My direct background for Manitou's Revenge was the blazing fast 2014 race, where Jan Wellford caught Brian Rusiecki and me, and stormed to a 10:50 course record that has not been threatened since. I’ve also had some good runs on the Escarpment trail that covers the early miles of Manitou’s, and it took me several attempts to get the FKT for the Devil’s Path back from Josh Burns, so I’ve always been attracted and felt a strong connection to the race. This connection to the physical trail is highly correlated to the people who organize and run the race. Anyone who completes the 54 miles of the route is tough as nails, and that is my kind of person. I wasn’t able to make the race since 2014, and I was definitely looking forward to finally giving it another shot.

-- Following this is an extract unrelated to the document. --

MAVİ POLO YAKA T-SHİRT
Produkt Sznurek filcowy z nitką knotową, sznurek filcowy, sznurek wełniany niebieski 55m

However, even without the hip injury, the Manitou’s course flat-out frightens me. It is long, hard, dangerous, punishing, and relentless. The race may not eat its young, but it severely abuses them. I don’t consider dropping out of races very often, but I was very close to pulling out of the 2014 race as I was crawling up Plateau Mountain. While I’m competitive, I was happy just to finish, and that was certainly the primary objective for 2017. Given how uniquely insane the terrain is, it is difficult to adequately respect the course, and that is something one must do just to survive to the finish line. In addition the course, the competition was very strong this year, as Jan was back, Adam was in great form, Jason Kolb had almost run me down at Cayuga, and Andy Vermilyea, who has been second at Grindstone and Vermont 100’s, was racing.

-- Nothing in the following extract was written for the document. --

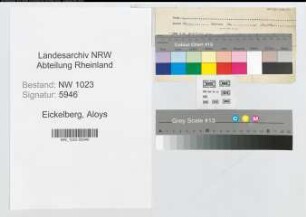 Entnazifizierung Aloys Eickelberg , geb. 00.00.0000 ()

The lead up to start was complicated by the weather. I was initially planning on running without spiked shoes to give my feet a break, but when I checked out the course the day before, the rocks were incredibly slick. Mike Siudy saved the day with some tools, and I was able to create a compromise by removing a couple of spikes from a pair of developmental Inov-8 Orocs I was testing. I would have gone with a pair of current Oroc 280’s, but I left them at home. The decision to go with spikes was solidified when I considered the potentially fragile state of my hip. Besides the course conditions, the temperature was not bad, but the humidity on race day was around 101%.
We started up the road to the trailhead at a very similar pace as 2014, and although the pace started to get intense when we entered the woods, it settled down quickly. My legs felt great after a long taper following Cayuga, and I was cautiously optimistic. Adam was running strong and tucked in behind him for the early miles. I had my 2014 splits on my bottles to compare and we hit Dutcher's Notch about 2 minutes slower this year. With the slicker course and increased humidity this was not a surprise. The climb up Stoppel felt controlled and I took the lead down to North South Lake Aid Station to make the navigation a little easier on everyone.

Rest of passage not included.